Earlier this year, President Obama included language in his 2015 proposed budget to eliminate “aggressive Social Security claiming strategies, which allow upper-income beneficiaries to manipulate the timing of collection of Social Security benefits in order to maximize delayed retirement credits.” Specifically, there were two key strategies targeted and those are now being phased out:
FILE AND SUSPEND
File and Suspend is a strategy typically used by a higher earning spouse to allow the lower earning spouse to claim benefits on his or her record.

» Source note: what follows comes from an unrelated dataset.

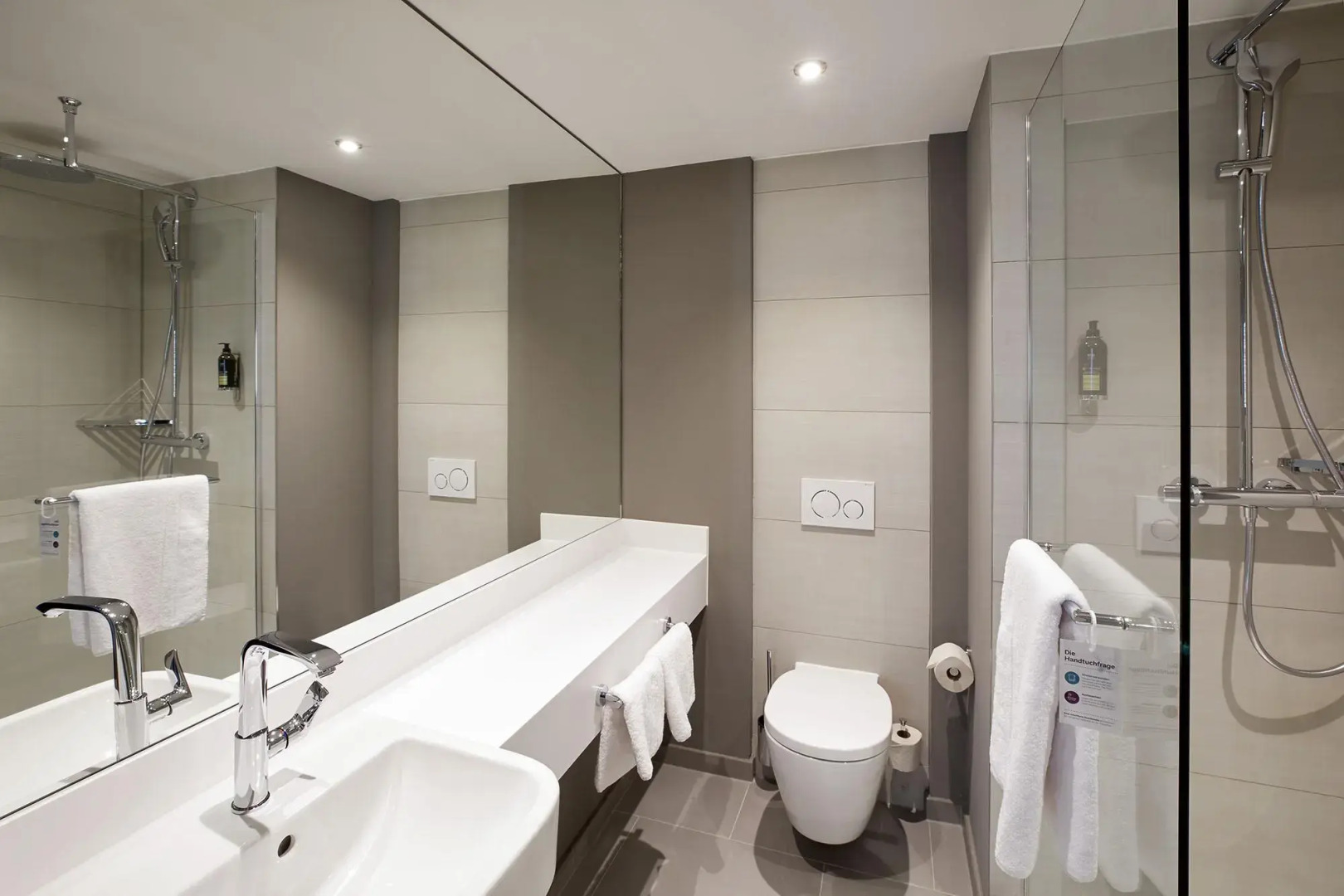 Photo - Premier Inn Hamburg City Centre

Example: Jack and Jill are both 66, which is the current full retirement age for Social Security. Jack can file for his age 66 benefit of $2,500 per month, but suspend it (i.e. not receive it) so Jill can now receive $1,250 per month (half his benefit) on his record. Meanwhile, Jack delays his benefit to age 70 in order to take advantage of the 8% per year delayed retirement credits. At 70, he would receive $3,300 per month and Jill would continue to receive $1,250 per month.

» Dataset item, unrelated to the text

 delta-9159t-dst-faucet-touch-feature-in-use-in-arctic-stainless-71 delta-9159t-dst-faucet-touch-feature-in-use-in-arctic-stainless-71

New File and Suspend applications will be banned starting April 30, 2016. Under the new law, a suspension of benefits will mean spouses and children receiving benefits on a person’s earnings record will also have their benefits suspended. The only way for new benefits to be paid on someone’s record will be for both parties to be receiving benefits. As long as File and Suspend is implemented by April 29, 2016, benefits will continue to be paid as before.
So, if you or your spouse is over age 66 now, or will be by April 30, 2016, you can still implement the File and Suspend strategy for approximately the next 6 months.
CLAIM NOW, CLAIM MORE LATER
Claim Now, Claim More Later is a strategy that allows one spouse to claim benefits on another spouse’s record while delaying his/her own benefit.
Example: Mike’s benefit is $2,500 per month and Molly’s benefit is $1,000 per month. Molly signs up to receive her $1,000 per month benefit at 66. Mike restricts his application at age 66 to his spousal benefit and begins to receive $500 per month (half Molly’s benefit). He will file for his own benefit at age 70 at which time it will have increased to $3,300 per month. Therefore, Mike has Claimed Now, and Claimed More Later. Incidentally, Molly would claim her spousal benefits at age 70 as well.
Claim Now, Claim More Later will be banned for individuals under the age of 62 at the end of 2015. Individuals over the age of 62 at the end of this year will still be able to file a restricted application and use this strategy. One important note: a person needs to be full retirement age (66) in order for a restricted application to work; under age 66, when a person files for Social Security, they are deemed to be filing for all benefits for which they are eligible. So, age 62 at the end of this year is the cutoff for considering this option, but you still need to be 66 to file the restricted application and use the strategy.
Bottom line: if you are over 62 on 12/31/15, you can still Claim Now, Claim More Later in the future.
Social Security planning is very complex and we are not attempting to evaluate all the options in the above examples. The unique circumstances of a person’s own situation will dictate which strategy is best. The new budget bill may be phasing out a couple great options, but there are still other strategies we can use. We will be reviewing those options with our clients in our next meeting.